2017-04-01 15:46:26 | 日記

熊谷晋一郎×東ちづる 「誰も排除しない/されない社会を目指す」 を 読んで
                              須山敦行


《 優生思想とは 》
「 社会の役に立つかどうかという条件 と 生きていていいという条件を、つなげないこと。
 この二つが結びついた状態が 優生思想 です。」        〔p.227〕

※ 優生思想はヒトラーの専売特許ではない。私たちの中に深くある。


《 オリンピック、パラリンピックは 能力主義の極致 》
 「相模原のやまゆり園での事件を経験した私たちは、そうした能力主義の熱狂にベタに飲み込まれるわけにはいきません。」                〔p.226〕

※ 「日本チャチャチャ」。その熱狂に何かを忘れたい私、どうする。


《 ワルぶる「本音主義」 》
 「私はきれい事を言わずに本音を言っているんだとワルぶる話法で、あたかもその言葉が正しいかのように広がりやすい。」                 〔p.228〕

 「本音主義は聞く回路を遮断して、本心から外れたことを叫ぶほうに向かい、ますます否認のほうにいってしまう。」

※ 橋下元大阪府知事のことではありません。薬物依存症のことでの文脈です。


《 「愼慮主義」 》
 「お互いに慮り続けなければ排除される状況が、グローバル化している」
 
※ 波風立てず、問題を顕在化させない。態度です。これは、実は怖い。


《 働かなくても生きていたい 社会 》
 「働ける人はたくさんいるのに、働けない社会になっていっています。」〔p.229〕
 「そうなると、働かなくても生きていくのに必要な資源が得られるように、分配の仕組みを変える、強化していく必要が出てきますよね。
 労働が奪われるのではなく、労働から解放される--こういう方向に社会全体が家事を切らないと」
 「働かなくたって生きていていいんだ、とならないと。」
 「『働かざる者食うべからず』、怖いですよね。そんなにみんな労働したい? 私はやりたいことだけやっていたいです。」
 「それはわがままな主張ではありません。困っている人にきちんと分配される社会であれば問題ないわけです。」

※ この(未来)社会論は、刺激的で新鮮に思いました。
  「働くことが人間の本質だ」と、誰かの声が聞こえる気がする。


《 「まぜこぜ」 ゆるい連帯 》
 「『仲間なんだからしょうがない』」                〔p.230〕
 「面倒なことに対して諦めて付き合う覚悟のようなもの」
 「『仲間』という言葉
  同じ環境に属している者同士のゆるい連帯のこと」
 「腹を括って付き合い抜く宣言になります。

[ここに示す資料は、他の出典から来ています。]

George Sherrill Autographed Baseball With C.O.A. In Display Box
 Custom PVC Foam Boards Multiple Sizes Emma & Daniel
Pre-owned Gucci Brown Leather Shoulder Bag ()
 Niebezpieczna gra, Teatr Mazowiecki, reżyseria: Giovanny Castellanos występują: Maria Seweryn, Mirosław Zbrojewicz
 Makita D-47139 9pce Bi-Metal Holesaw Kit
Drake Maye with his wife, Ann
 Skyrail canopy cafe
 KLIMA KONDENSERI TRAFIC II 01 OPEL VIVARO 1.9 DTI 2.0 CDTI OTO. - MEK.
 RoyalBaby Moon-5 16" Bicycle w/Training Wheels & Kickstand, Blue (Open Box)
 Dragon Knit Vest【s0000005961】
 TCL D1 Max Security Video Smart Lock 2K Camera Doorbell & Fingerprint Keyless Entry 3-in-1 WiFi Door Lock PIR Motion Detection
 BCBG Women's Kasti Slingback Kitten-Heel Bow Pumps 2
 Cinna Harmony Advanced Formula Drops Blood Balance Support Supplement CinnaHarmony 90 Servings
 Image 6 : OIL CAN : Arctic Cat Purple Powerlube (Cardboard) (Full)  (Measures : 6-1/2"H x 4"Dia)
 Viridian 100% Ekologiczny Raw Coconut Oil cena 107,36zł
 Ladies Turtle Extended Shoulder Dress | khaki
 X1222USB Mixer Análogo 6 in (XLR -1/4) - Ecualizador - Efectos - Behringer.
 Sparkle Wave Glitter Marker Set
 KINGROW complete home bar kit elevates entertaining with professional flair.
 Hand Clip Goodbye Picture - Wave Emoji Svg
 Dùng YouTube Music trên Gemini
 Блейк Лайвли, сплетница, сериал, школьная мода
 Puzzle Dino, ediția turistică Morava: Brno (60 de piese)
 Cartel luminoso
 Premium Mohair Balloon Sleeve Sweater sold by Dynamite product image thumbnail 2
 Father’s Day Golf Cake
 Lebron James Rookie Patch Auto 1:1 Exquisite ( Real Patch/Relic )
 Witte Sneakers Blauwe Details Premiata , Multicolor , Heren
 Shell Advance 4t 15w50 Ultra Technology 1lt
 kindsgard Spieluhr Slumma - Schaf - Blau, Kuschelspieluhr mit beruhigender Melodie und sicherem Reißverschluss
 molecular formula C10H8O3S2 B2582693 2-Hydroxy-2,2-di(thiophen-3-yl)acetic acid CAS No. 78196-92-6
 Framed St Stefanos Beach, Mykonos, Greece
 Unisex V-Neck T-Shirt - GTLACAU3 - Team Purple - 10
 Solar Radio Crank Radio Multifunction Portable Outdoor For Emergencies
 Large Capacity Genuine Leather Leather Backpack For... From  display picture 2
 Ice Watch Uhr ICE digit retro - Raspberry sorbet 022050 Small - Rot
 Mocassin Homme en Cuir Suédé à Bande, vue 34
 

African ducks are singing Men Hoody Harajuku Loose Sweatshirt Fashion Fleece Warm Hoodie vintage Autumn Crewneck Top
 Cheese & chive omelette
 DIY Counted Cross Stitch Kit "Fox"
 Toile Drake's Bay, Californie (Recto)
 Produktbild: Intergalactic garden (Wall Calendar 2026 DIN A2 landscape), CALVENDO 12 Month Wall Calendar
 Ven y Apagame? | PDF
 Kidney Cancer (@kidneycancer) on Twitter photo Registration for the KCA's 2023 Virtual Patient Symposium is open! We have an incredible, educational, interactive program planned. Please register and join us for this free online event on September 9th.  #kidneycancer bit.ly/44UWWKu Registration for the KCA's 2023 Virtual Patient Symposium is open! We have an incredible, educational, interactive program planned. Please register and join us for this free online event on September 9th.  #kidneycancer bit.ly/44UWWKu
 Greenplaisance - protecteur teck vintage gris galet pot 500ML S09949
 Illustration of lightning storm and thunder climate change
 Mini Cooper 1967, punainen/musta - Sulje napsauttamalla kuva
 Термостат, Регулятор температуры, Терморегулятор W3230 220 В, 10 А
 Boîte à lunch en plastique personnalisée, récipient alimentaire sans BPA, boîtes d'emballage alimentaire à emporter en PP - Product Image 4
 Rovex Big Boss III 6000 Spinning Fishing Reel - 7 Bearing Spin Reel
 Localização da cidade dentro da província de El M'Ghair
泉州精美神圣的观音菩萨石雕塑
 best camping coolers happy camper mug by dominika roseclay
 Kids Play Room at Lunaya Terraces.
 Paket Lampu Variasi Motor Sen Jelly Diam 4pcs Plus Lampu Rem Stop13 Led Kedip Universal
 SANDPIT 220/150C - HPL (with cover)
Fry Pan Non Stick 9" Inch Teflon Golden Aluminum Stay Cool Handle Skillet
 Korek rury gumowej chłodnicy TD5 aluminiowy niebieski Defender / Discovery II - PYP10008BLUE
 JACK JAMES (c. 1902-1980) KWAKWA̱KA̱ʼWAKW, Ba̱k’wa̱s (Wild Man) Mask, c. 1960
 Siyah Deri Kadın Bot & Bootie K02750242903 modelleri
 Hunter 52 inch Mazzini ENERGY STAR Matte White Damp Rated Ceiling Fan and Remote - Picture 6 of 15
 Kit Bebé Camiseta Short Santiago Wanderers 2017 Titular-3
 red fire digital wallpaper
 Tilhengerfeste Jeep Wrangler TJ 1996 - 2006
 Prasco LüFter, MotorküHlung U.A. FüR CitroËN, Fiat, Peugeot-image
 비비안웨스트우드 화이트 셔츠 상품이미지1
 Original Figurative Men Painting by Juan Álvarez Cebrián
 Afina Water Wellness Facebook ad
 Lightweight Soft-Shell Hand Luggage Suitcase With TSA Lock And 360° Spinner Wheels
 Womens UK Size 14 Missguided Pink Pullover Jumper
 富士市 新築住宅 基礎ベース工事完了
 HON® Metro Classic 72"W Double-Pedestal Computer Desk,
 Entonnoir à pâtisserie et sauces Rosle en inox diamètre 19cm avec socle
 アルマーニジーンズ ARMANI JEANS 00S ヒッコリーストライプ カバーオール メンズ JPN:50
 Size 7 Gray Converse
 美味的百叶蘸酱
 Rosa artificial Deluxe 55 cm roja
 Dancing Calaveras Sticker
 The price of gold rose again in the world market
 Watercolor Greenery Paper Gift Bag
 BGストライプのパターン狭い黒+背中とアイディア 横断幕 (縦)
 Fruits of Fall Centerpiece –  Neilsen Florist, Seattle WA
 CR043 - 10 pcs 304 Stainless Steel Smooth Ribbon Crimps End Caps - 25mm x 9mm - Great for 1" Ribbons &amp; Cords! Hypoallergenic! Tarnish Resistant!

」
 「個人よりもグループが優先されてはいけないからです。
  グループを守るために個人が犠牲になるという状況が生まれてしまったらグループは潔くたたむ」
 「国家や社会が個人より優先されるようなことがあってはいけない。」
 「どの民間の活動も、グループを優先した瞬間に堕落が始まる。」

※ リベラリズムの真髄ですね。

※ というように、熊谷晋一郎さんは、以前の『世界』でやまゆり園の事件で鋭い発言をしていましたが、また、深く学ぶことができました。
 東ちづるさんというのは、顔はテレビで知っていましたが、こんなに深く考え、行動している方だとは知りませんでした。
  『世界』が、また、私を、刺激してくれました。